Urinalysis Interpretation

Everything you need to analyze the UA

A specific cup half filled with yellow urine

William Kelly, MSN, FNP-C

Author | Nurse Practitioner

Last Updated: August 29, 2022

Urinalysis or UA is a lab test frequently ordered in all types of medical settings: hospitals (ER, ICU, Inpatient floors), urgent cares, and outpatient offices. In many cases, the correct evaluation of the urinalysis is imperative to making an accurate diagnosis. To provide additional data, many labs perform urine microscopy, giving you exact details on the contents within the urine and quantifying the results. Read all about how to interpret the Urinalysis dipstick, as well as the urine microscopy in this article!

Initial Urine Assessment

Before you even run the urinalysis, you can tell quite a bit about the patient just by using your God-given senses.

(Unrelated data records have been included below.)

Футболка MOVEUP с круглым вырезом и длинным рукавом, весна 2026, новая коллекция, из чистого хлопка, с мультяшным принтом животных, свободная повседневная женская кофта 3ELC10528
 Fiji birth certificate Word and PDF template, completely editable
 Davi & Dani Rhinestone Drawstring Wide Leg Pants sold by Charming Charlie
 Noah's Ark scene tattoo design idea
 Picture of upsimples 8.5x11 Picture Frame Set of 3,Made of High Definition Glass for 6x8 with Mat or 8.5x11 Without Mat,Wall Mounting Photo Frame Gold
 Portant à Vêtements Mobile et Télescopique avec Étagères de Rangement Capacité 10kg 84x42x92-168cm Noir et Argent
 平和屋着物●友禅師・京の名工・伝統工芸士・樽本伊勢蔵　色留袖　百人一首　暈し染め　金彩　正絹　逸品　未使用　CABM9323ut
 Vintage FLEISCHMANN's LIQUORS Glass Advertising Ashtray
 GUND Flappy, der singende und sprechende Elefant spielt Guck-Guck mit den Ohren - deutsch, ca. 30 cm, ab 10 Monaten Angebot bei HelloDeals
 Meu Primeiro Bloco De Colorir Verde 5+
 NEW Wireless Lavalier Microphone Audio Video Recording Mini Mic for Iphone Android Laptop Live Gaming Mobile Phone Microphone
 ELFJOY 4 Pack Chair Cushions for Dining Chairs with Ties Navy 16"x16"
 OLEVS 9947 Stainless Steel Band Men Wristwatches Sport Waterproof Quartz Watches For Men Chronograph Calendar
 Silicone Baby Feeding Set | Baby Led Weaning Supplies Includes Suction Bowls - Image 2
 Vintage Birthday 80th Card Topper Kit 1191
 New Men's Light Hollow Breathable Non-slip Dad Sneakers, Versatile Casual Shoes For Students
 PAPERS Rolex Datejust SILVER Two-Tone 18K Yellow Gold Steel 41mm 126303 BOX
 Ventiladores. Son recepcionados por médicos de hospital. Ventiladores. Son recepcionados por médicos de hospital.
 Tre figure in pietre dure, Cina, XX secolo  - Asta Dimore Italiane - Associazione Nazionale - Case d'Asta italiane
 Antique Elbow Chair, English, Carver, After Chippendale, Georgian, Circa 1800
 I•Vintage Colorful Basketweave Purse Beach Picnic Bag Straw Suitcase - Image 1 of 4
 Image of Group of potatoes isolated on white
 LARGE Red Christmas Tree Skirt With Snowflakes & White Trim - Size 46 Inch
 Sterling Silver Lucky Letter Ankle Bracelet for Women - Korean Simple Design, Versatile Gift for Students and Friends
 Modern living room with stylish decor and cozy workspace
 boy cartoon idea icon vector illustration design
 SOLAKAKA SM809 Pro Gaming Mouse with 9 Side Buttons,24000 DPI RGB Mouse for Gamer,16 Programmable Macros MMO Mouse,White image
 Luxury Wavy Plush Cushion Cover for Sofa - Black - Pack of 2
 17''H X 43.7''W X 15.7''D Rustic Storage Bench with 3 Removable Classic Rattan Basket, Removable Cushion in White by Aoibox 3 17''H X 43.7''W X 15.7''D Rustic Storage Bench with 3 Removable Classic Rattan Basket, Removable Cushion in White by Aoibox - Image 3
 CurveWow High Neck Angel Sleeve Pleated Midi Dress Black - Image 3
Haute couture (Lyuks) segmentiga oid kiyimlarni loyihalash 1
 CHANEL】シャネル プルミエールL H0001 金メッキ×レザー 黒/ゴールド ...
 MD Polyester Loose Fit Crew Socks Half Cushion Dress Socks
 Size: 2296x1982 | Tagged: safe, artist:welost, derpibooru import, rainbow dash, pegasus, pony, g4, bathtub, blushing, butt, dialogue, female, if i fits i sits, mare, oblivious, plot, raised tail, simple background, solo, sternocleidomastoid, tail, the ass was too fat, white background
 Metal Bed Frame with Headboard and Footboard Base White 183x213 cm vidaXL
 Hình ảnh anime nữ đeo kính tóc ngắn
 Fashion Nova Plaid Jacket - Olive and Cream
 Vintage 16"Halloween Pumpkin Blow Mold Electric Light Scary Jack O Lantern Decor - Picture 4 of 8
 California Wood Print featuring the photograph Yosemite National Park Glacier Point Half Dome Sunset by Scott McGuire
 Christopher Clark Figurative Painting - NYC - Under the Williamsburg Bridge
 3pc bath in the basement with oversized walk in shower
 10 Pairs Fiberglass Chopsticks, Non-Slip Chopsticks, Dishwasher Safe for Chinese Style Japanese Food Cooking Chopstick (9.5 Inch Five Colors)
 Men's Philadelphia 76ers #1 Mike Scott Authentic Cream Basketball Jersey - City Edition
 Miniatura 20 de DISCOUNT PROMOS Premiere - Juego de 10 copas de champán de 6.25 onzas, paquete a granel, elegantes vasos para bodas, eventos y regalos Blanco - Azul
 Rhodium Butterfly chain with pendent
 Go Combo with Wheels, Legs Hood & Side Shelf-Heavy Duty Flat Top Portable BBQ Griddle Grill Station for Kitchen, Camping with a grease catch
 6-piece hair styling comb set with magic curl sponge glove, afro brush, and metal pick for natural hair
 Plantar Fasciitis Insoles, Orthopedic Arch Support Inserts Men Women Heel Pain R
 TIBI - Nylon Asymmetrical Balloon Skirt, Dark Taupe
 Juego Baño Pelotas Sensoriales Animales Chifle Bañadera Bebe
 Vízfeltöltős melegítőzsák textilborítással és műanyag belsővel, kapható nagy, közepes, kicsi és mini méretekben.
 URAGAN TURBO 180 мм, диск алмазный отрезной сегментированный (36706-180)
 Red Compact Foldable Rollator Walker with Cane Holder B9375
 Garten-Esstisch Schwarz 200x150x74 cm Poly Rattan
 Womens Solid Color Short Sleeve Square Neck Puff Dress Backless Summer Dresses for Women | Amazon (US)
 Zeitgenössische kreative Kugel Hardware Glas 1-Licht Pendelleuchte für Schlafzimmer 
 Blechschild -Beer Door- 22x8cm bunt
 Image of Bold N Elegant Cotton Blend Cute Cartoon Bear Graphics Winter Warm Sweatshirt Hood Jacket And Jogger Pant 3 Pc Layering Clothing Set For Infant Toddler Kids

The color of the urine is the easiest way to determine someone’s hydration status. Surprisingly, it can indicate other aspects of health as well.


Normal urine varies from very clear yellow to a darker amber color. Generally speaking, the less hydrated you are – the more concentrated your urine. The more hydrated you are, the more diluted the urine, leading to clear yellow urine.

The first void of the morning is typically darker and more concentrated – this is normal. 

Red or Pink

When we see red urine – we typically think of blood. Medical conditions such as kidney stones (nephrolithiasis), UTIs, glomerular damage, or even malignancy. As little as 1mL of blood can cause a color-change, and the presence of red urine does not automatically mean large amounts of blood. There are a few different causes of red urine:

  • Bloody causes: Cystitis, kidney stones, malignancy, trauma, menstrual contamination
  • Non-bloody Conditions: Rhabdo (from myoglobin)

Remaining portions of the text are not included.